Reddick has published work in such journals as Ambit,[11][12] The Guardian, PN Review, The Clearing,[13] Agenda, The North,[9] The Poetry Review,[14] and And Other Poems.[15] Through her ecopoetry publications, she has been noted as "an academic expert on poetry, landscape and the environment",[7] and won several awards, including a Northern Writers' Award for memoir and poetry, and a place on the 2017–18 Jerwood/Arvon mentoring scheme.[9] Apart from Ted Hughes's work, she has also published commentary on the works of Fiona Benson, David Harsent,[16] Paul Lomami Tchibamba,[17] Keith Sagar,[18] Alice Oswald,[19] John Kinsella,[20] Nancy Campbell,[21] and more.

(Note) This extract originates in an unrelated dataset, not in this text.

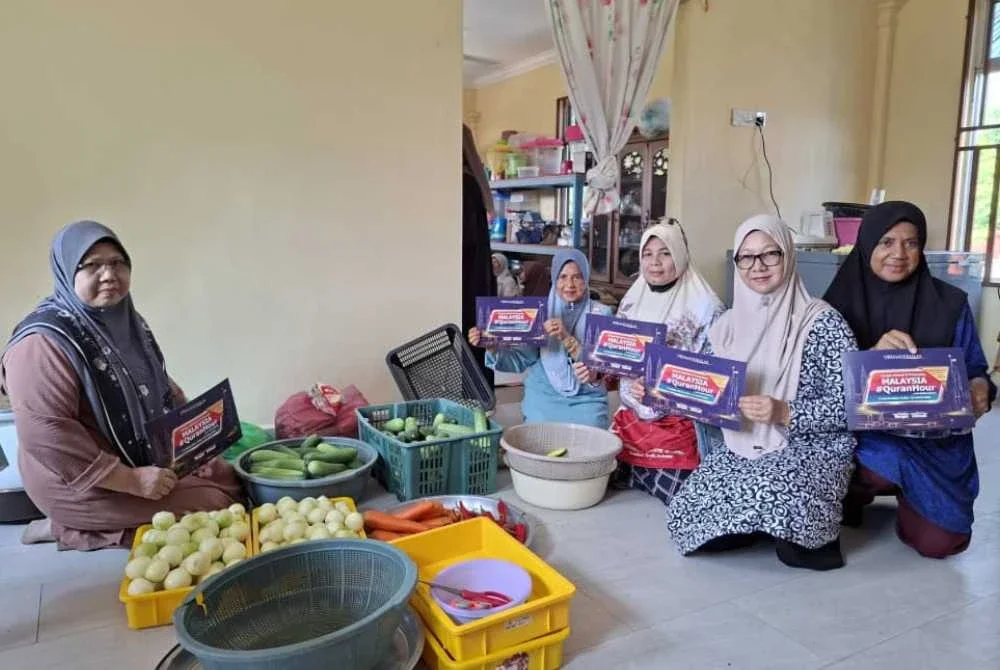 Antara golongan wanita yang terlibat membantu membuat persiapan Malaysia #QuranHour peringkat negeri Kelantan di Masjid Al-Munir, Mukim Badang, Jalan Pantai Cahaya Bulan di Kota Bharu.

In 2019, Reddick was awarded the first prize of £500 in the Ambit Poetry Competition for her poem 'In the Burning Season', a "wild fiery folkloric poem", selected by the poet Liz Berry.[22] In 2020, she published Poetry, Grief and Healing, "a collection of moving and uplifting poems by leading poets", with Dog Horn Publishing;[23] and following her book about Hughes as an ecopoet, she published another, Anthropocene Poetry: Place, Environment, and Planet, with Palgrave Macmillan in 2023. The same year, Reddick also published her debut collection, Burning Season, with Bloodaxe Books, which won the 2023 Best UK First Collection for Ecopoetry at the Laurel Prize ceremony[24] and was shortlisted for the Scottish Poetry Book of the Year 2023.[25] Writing for Harriet Books, Rebecca Morgan Frank noted that "[d]estruction and care coexist throughout" the collection, calling it a reflection of "our human contradictions."[26] The collection's title poem 'Burning Season' was awarded the third prize in the Ginkgo Prize for Ecopoetry 2022.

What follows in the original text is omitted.